Wilson explains, “These individuals make up what are known as Resident Impact Councils. These councils identify existing assets and needs in their communities and work directly with our teams at the United Way and other support agencies to direct resources in the most efficient ways within their neighborhoods. This resident-led process allows residents to direct and advise support organizations toward specific needs-based results. We’re taking an assets-based approach, using the strengths already present in a neighborhood to fulfill that neighborhood’s needs. These assets include the skills, gifts, and talents of the residents along with their strong desire to prosper.”
The members of the Resident Impact Councils have emerged as natural leaders who desire to engage the community’s assets in conjunction with the supporting organizations to realize specific neighborhood goals toward prosperity. Support organizations listen to the Councils’ insights and recommendations, and a greater sense of accountability emerges, empowering the residents.
An example of community engagement using the assets-based strategy is the working partnership between the Winston-Salem/Forsyth County Schools Be Legendary program, the JRAMS Achieving Maximum Success program and Grace Presbyterian Church. The JRAMS is a mentoring program between Carver High School and Winston-Salem State University. The project name comes from the WSSU Rams football team and the Carver High School Yellow Jackets team. This mentoring program has contributed to the greatest level of growth in academic performance in a Winston-Salem High School bringing grade level performance from F to D+ for repeat ninth and tenth-grade students within one year.
Place Matters also opens the door for participation from non-profit agencies that are not currently United Way member agencies. An example is the recent partnership with Habitat for Humanity in which six new homes were recently built in a Place Matters neighborhood where no new homes had been built within the past fifty years. This contributes to the concept of family and home stability, which is essential for the future success of residents.

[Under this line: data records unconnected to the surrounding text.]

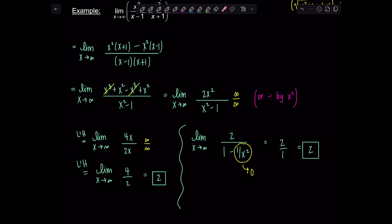A word of caution: now that you've learned L'Hôpital's rule, don't forget your old limit techniques. If you move on to Calc 2 — especially sequences and series — you can't always use L'Hôpital's rule since you need a differentiable function. So please don't abandon the techniques you've already learned.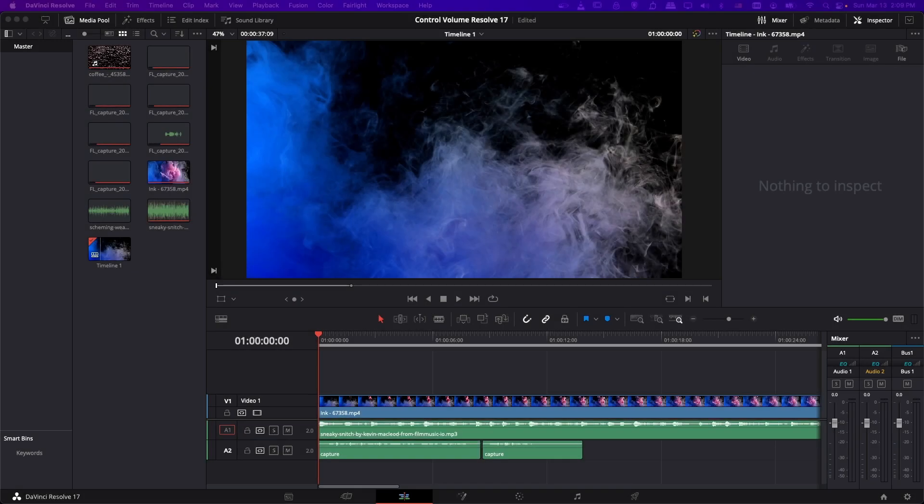Hello everybody, Chris here. In this video I want to show all of you how to control your volume for music and other audio inside of DaVinci Resolve 17. We're going to be covering how to raise and lower your volume, how to mute a single clip or an entire audio track, how to fade in and out of your music or other audio clips, how to crossfade between audio clips, and we'll be covering this both from an individual clip and an entire audio track perspective as well.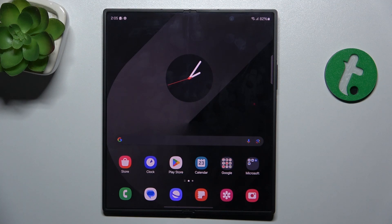Hello, in this video I'm gonna show you how to mute notifications sound on Samsung Galaxy Default 6.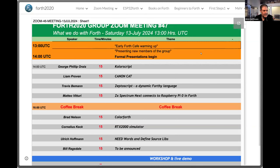Welcome. Today is July 13th, 2024. Welcome to the POS 2022 group Zoom meeting — it's the 47th meeting. So we went a long way already, and we always have exciting talks, like the ones today. You can see the agenda shared, and I think there are quite interesting talks that I'm looking forward to.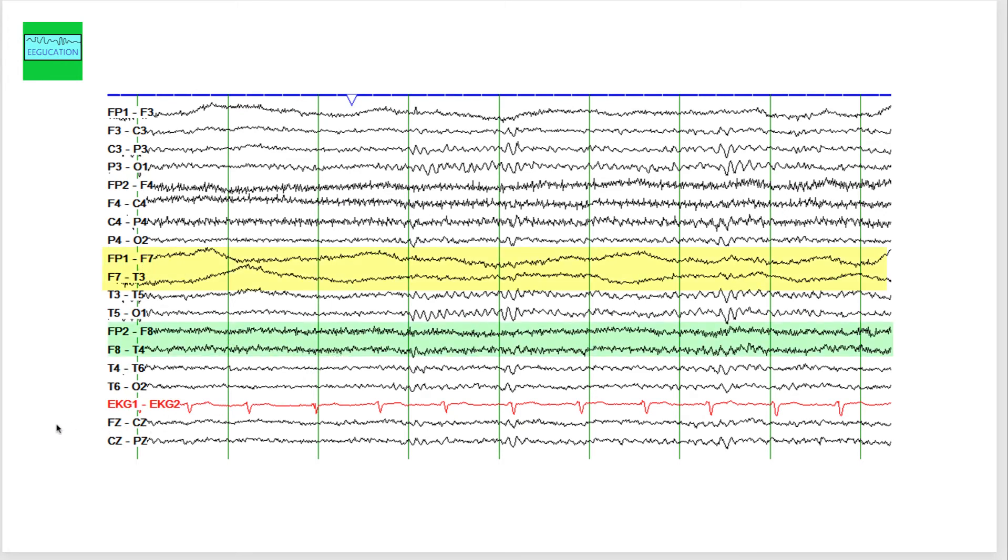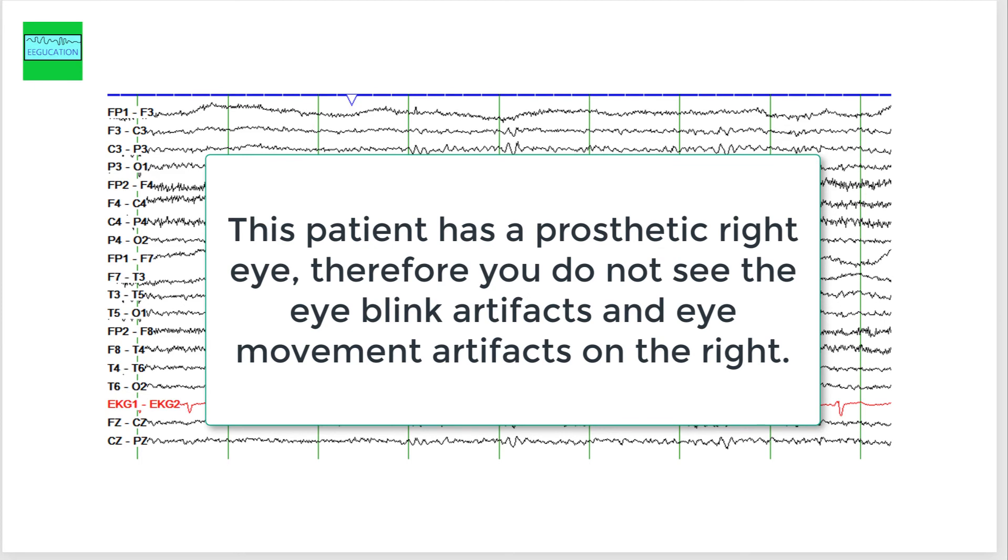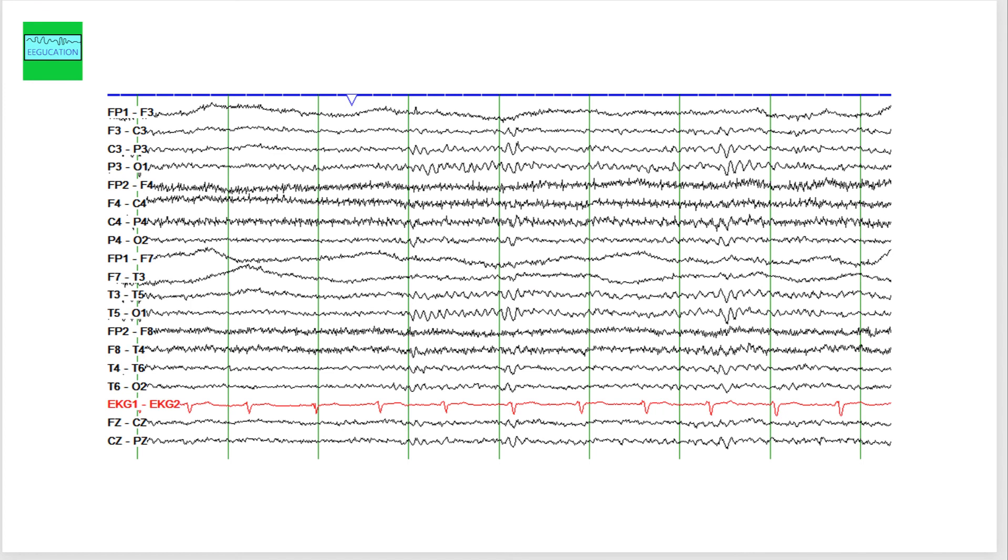The answer to the mystery here is this patient has a prosthetic right eye and does not have a right eye, the globe on the right, and that's the reason you see asymmetric eye blinking and asymmetric lateral eye movements.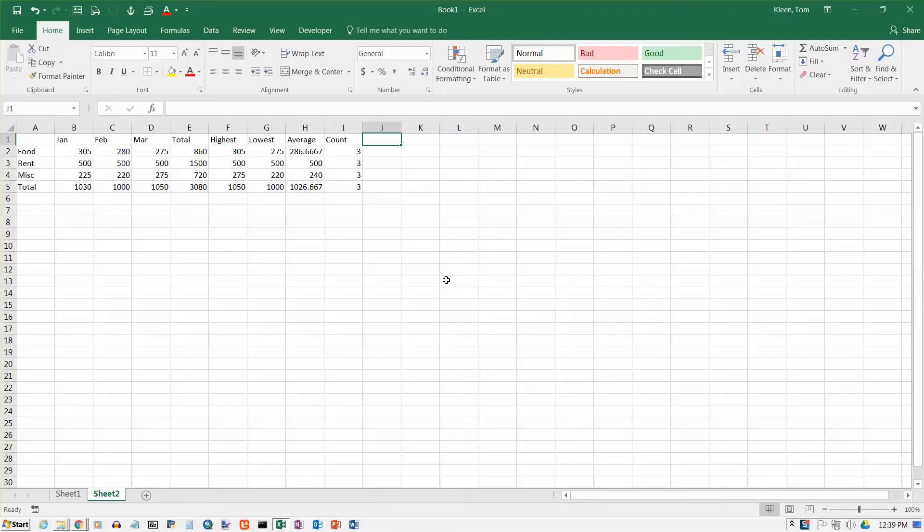Okay, this video we're going to look at what are called absolute cell references. In the previous video we looked at relative cell references.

The Place Matters initiative is now in the third and final year of the first funding cycle for the designated neighborhoods. The United Way has invested 2.7 million dollars in programs and partnerships focused on strengthening these thirteen neighborhoods. The goal is for these neighborhoods to become self-sustaining in the assets-based model for success, and for the United Way to take gained knowledge from the initiative on to other neighborhoods. The principle that an entire city can benefit from the individual success of each neighborhood is at the core of the Place Matters initiative. The United Way of Forsyth County supports this principle in the implementation of Place Matters, as well as continues to serve the community as a whole regarding its four main areas of concern: health, education, financial stability, and basic needs.